QB34 Deshaciendo el Rapto (Parte 5)
Pablo escribe claramente en 1 Tess 4:13-18 que el rapto no ocurre antes de la resurrección, y que la resurrección ocurre cuando Cristo regresa. Aquí están los versículos 16,17 de nuevo: 16 Porque el Señor mismo descenderá del cielo con un grito, con la voz de un arcángel y con la trompeta de Dios. Y los muertos en Cristo resucitarán primero. 17 Entonces nosotros, los que estamos vivos y permanecimos, seremos atrapados junto a ellos en las nubes para encontrarnos con el Señor en el aire.
Esto nos ha dado algunos puntos cronológicos vitales para elaborar un marco sobre el que construiremos más adelante. El punto que hice la última vez es que la resurrección y el rapto están ligados a la venida del Señor y preguntamos si había alguna forma de relacionar esta ‘venida del Señor’ de la que Pablo escribe en 1 Tesis 4 con otro evento que la situara de forma segura en nuestra línea temporal. Ahora, la razón por la que esto es importante es por disputas sobre otro supuesto secreto que viene y el éxtasis antes del día de la llegada del Señor a plena exhibición. Por eso hago la pregunta: ¿podemos vincular la venida del Señor que Pablo enseña con cualquier otro acontecimiento que no esté en disputa? Si es así, entonces podemos estar seguros de cuándo ocurren la resurrección y el rapto en nuestra línea temporal. Para encontrar otro acontecimiento relacionado con la venida del Señor por Pablo, veamos lo que escribe más tarde en su segunda carta a Tesalonicenses 2:1-5 NKJV 1. Ahora, hermanos, sobre la venida de nuestro Señor Jesucristo y nuestra reunión ante Él, os pedimos, 2, que no os alteréis pronto ni os preocupéis, ya sea por espíritu, palabra o carta, como si viniera de nosotros, como si hubiera llegado el día de Cristo. 3 Que nadie os engañe por ningún medio; porque [ese día no llegará] a menos que la caída venga primero, y se revele el hombre del pecado, el hijo de la perdición, 4 que se opone y se exalta por encima de todo lo que se llama Dios o que es adorado, de modo que se sienta como Dios en el templo de Dios, demostrándose que es Dios. ¿No recuerdas que cuando aún estaba contigo te conté estas cosas?

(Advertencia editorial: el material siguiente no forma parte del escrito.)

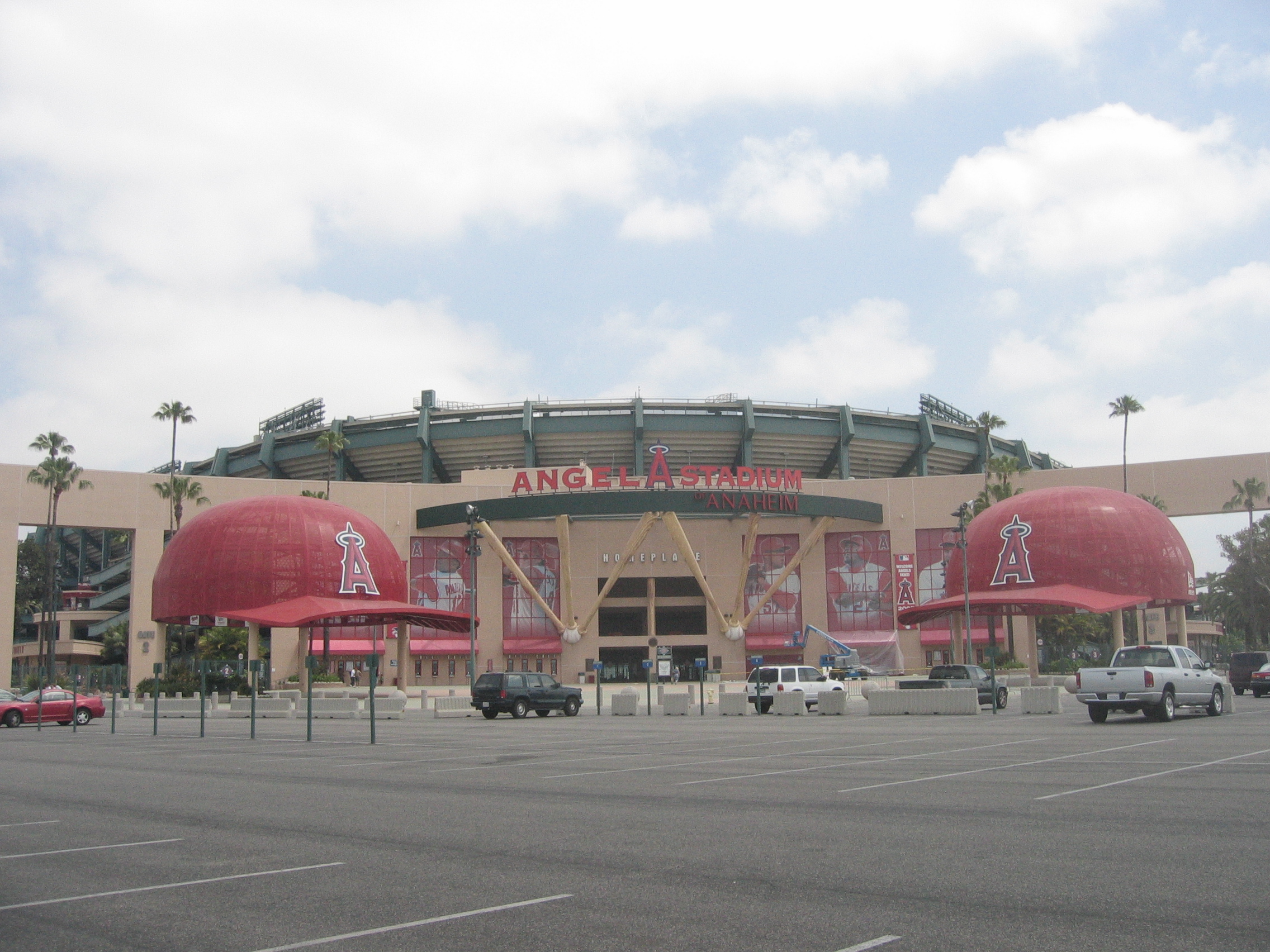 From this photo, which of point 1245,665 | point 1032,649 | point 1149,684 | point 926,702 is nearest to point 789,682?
point 926,702

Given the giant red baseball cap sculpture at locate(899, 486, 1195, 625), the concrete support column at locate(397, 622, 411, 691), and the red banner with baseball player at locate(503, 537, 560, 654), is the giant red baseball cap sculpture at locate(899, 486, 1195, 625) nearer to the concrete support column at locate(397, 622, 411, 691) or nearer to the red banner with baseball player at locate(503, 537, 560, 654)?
the concrete support column at locate(397, 622, 411, 691)

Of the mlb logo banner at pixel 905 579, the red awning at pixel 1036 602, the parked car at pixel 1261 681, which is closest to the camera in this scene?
the parked car at pixel 1261 681

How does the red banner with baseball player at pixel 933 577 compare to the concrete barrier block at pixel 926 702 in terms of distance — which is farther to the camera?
the red banner with baseball player at pixel 933 577

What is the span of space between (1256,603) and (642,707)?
259ft

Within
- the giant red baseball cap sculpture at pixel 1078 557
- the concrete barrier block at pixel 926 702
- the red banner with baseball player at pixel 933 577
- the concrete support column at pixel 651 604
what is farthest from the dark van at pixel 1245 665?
the concrete support column at pixel 651 604

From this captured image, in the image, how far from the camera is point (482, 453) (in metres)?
88.3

A simple vista, a primera vista, de este texto, Pablo expone el asunto del día del Señor (o de Cristo tal como se llama aquí) de manera sin lugar a dudas. Hace una afirmación inequívoca e indiscutible diciendo que el día de Cristo no llegará hasta que ocurran dos cosas: primero, habrá una caída, otras traducciones mencionan ‘la gran rebelión’ o ‘la apostasía’, y segundo, se revela el hombre de pecado, el hijo de la perdición (o hombre de la anarquía) que se exalta por encima de Dios, se sentará como Dios en el templo. Jesús y Daniel se refirieron a este acto atroz como la abominación de la desolación. En resumen, Pablo dice que el día del Señor no ocurrirá hasta después de la abominación de la desolación en el templo, cuando se revele el hijo de la perdición. No hay duda de que, cuando esto ocurra, estamos en la Gran Tribulación. Por lo tanto, la resurrección y el posterior rapto no ocurrirán hasta después de este punto. Esto parecería romper de una vez por todas la visión pre-tribu. Pablo dice sin lugar a dudas: ‘respecto a la venida de nuestro Señor Jesucristo y nuestra reunión ante Él’, esto no ocurrirá hasta después de la apostasía y la revelación del hijo de la perdición. Sin embargo, la visión pre-tribal no niega que el día del Señor descrito aquí no será como Pablo enseñó, pero el punto de conflicto es que cuando Pablo escribe en el v1 ‘Ahora, hermanos, sobre la venida de nuestro Señor Jesucristo y nuestra reunión ante Él’, enumera la ‘venida de nuestro Señor Jesucristo’ como separada de ‘nuestra reunión junto a Él’, lo que implica que son dos eventos separados, y que la reunión ocurre en otro avenido antes de este. Sin embargo, creo que este punto no es sostenible y aquí está la razón. En el mismo capítulo, versículo 5, cuando Pablo escribe “cuando estaba contigo te dije estas cosas”, se refiere a cosas que ya les había enseñado. Ahora sabemos por su primera carta lo que enseñó. Aprendimos en Quick Bite 33 que Pablo enseña explícitamente que la ‘venida del Señor’ y ‘nuestra reunión’ no son dos eventos separados, sino que ocurren simultáneamente, no están separados por el tiempo. Por lo tanto, cuando Pablo enseña en 2 Tesis 2 que el momento del día de Cristo es después de la apostasía y la abominación de la desolación, incluye la resurrección y el éxtasis.